This is why we at BioBeats use it: to measure anxiety and stress at the physiological level, to correlate it to the psychological (which our users self-report).
Methods used to detect beats include: ECG and the pulse wave signal derived from a photoplethysmograph (PPG), which is the typical green laser you can see on Fitbits, the Apple Watch and others.
Other devices like the Apple Watch of the Fitbit range are (surely) tracking HRV, but they do not expose it in the SDKs to developers, making it impossible for third-party developers to create applications that use this vital biometric marker in their work. One core reason for this is battery life: keeping a PPG sensor activated and capturing cardiovascular data for longer than a minute takes a toll on battery life. Capturing it 24/7, or even 2 minutes out of every 10, needs extraordinary battery consumption magic.
But the battery life issue isn’t the biggest impediment to capturing HRV and using it in applications
The biggest problem with HRV taken from PPG sensors commonly found in consumer wearables is that the noise level (a disruption in the signal captured from the sensor) is horribly high: in the the wearables we have evaluated so far at BioBeats, even gentle movement of the wrist (moving to grab a glass of water whilst sitting down, for example) created enough noise that it became almost impossible to capture HRV from the PPG signal.

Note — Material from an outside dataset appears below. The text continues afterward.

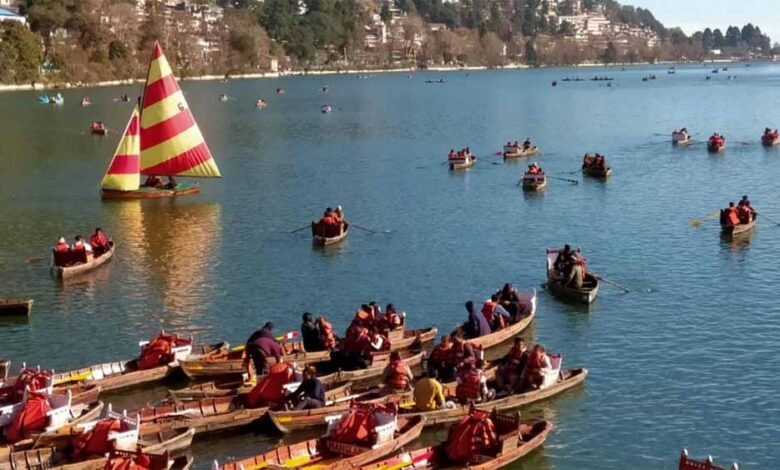 मौसम में आए बदलाव से केदारनाथ में हल्की बर्फबारी हुई, बिछी बर्फ की चादर, मैदानों में शीतलहर का प्रकोप 1 KSHITITECH kedar1 KSHITITECH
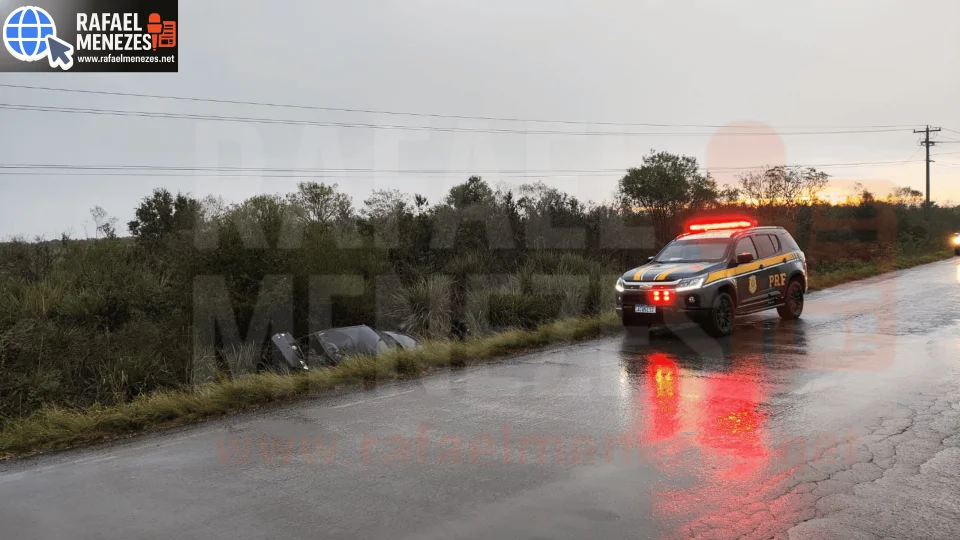 Adolescente fica ferida após veículo sair da pista na BR-287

When the wearer stood up, or ran, the signal became almost entirely noise, and the heartbeats were simply not visible. This is why in most wearable data dashboards, manufacturers offer only Heart Rate over time (essentially, they capture your Heart Rate when they can, i.e. when you’re very still) and ignore the rest of the data.
This is a big problem in terms of the lost opportunity to create applications that look at wellbeing from more than a fitness and general health perspective. In order to look at wellbeing from a holistic perspective, combining both mental health and physical health, HRV is essential, but capturing it from typical consumer wearables is near to impossible.
At BioBeats, we’ve worked hard at solving this problem. The use of PPG instead of ECG for HRV analysis had not been extensively explored, and we found we had to push the boundaries in order to get the data we needed. With the exception of some variables, we showed that HRV analysis from PPG is generally as reliable, once we take care of the noise problem, as ECG. But first, we had to explore the reliability of the heart rate sensor in a number of devices, gaining a deep understanding of the problem motion introduces in trying to capture heartbeats from wearables, and find a way to filter unreliable portions of the data using the accelerometer sensors as a counterbalance.
In order to do this, we conducted a small experiment using the Microsoft Band 2, capturing 15m of data at a time, and comparing these to a Polar H7 chest strap from a single 41-year-old male subject. After removing outliers and filtering out unreliable sections of data, we found that some aspects of the data available were not reliable (such as sympathovagal balance/imbalance), but in the end we were able to show that is possible to automatically discard unreliable data to estimate the quality of the wearable sensor signal. We believe this could be used to selectively turn off the PPG sensor, affording significant battery life savings for the wearable. It will also allow us to avoid performing HRV analysis on unreliable data. In this way, we will be able to look only at data that has significant value, and to keep the wearable working for longer.
Why does this matter?
The wearables industry is just waking up. By now, the idea that we should be measuring HRV is well understood, and there are good posts out there on the importance of measuring it, entire blogs on its relationship to fitness training, and very good writeups on its relationship to stress overall. But, right now, we’re getting higher fidelity data from capturing heart rate from a smartphone’s camera than we are from wearables. Soon, companies like MC10 and others will give us on-skin and intradermal sensors that link to our smartphones without the need for the house arrest bracelet look. High end luxury watchmakers are already realising the value of adding biometri data to their lines. And obviously nanoparticle IoT computing will go wet and within our bodies, these sensor networks will give us data that will make the above problem go away for good.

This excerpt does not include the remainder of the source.